ISSUES: Whether or Not BAES is the owners of the lot, because of article 461? Whether or not the owner, BAES, is entitled to compensation? HELD: - No He is not the owner of the lot. Thus, the title should be cancelled and issue a new one. - Yes, he is. However, he has already claimed his compensation. Thus, he cannot claim anymore. Petition Denied. RATIO: TITLE CANCELLED, BAES NOT THE OWNER The only remaining dispute relates to Lot 1-B which the petitioners, relying on Article 461 of the Civil Code, are claiming as their own. A portion of the Tripa de Gallina creek was diverted to a man-made canal which totally occupied Lot 2958-B (with an area of 3,588 sq.m.) belonging to Felix Baes. Thus, the petitioners claim that they became the owners of the old bed (which was eventually filled up by soil excavated from Lot 2958-B) by virtue of Article 461. Article 461 of the Civil Code states: River beds which are abandoned through the

natural change in the course of the waters ipso facto belong to the owners whose lands are occupied by the new course in proportion to the area lost. However, the owners of the land adjoining the old bed shall have the right to acquire the same by paying the value thereof, which value shall not exceed the value of the area occupied by the new bed.

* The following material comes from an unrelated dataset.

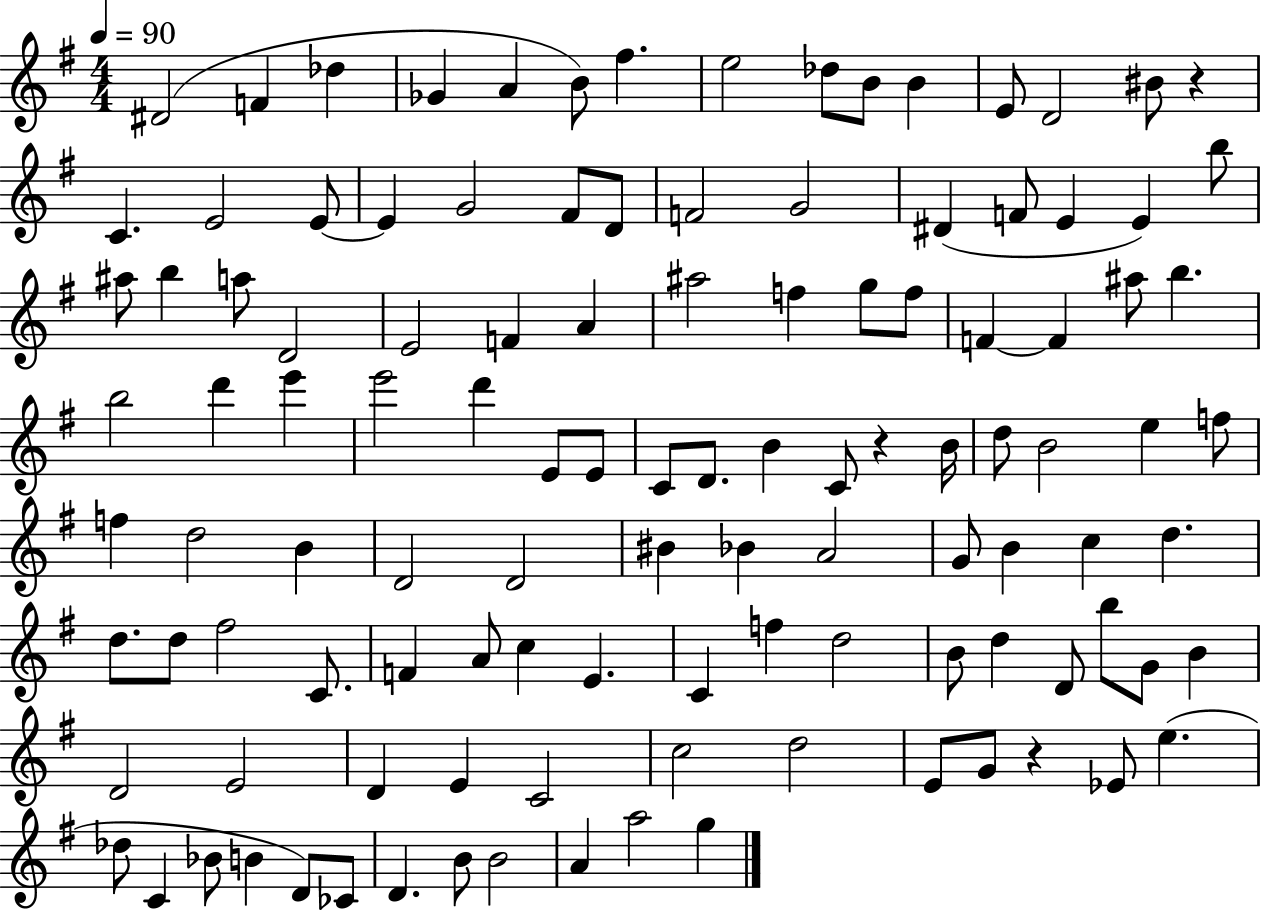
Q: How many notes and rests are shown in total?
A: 114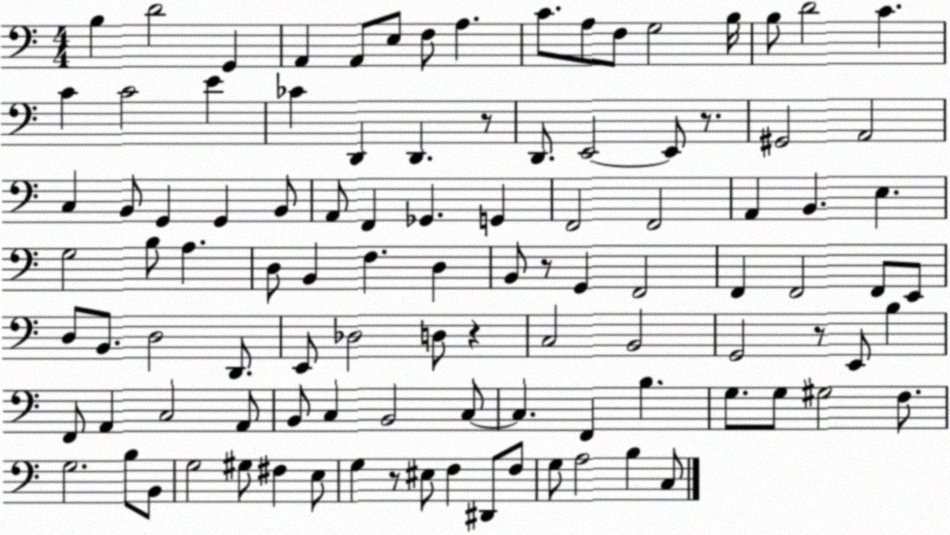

The government rejects this claim and avers that the petitioners had already been fully compensated for it on June 20, 1970 when they agreed to exchange their Lot 2958-B with Lot 3271-A belonging to the government. NOT ENTITLED OF COMPENSATION If the riparian owner is entitled to compensation for the damage to or loss of his property due to natural causes, there is all the more reason to compensate him when the change in the course of the river is effected through artificial means. The loss to the petitioners of the land covered by the canal was the result of a deliberate act on the part of the government when it sought to improve the flow of the Tripa de Gallina creek. It was therefore obligated to compensate the Baeses for their loss. We find, however, that the petitioners have already been so compensated. Felix Baes was given Lot 3271-A in exchange for the affected Lot 2958-B through the Deed of Exchange of Real Property dated June 20, 1970. This was a fair exchange because the two lots were of the same area and value and the agreement was freely entered into by the parties. The petitioners cannot now claim additional compensation because, as correctly observed by the Solicitor General. Baes cannot claim additional compensation because allowing Baes to acquire ownership of the dried-up portion of the creek would be a clear case of double compensation and unjust enrichment at the expense of the state.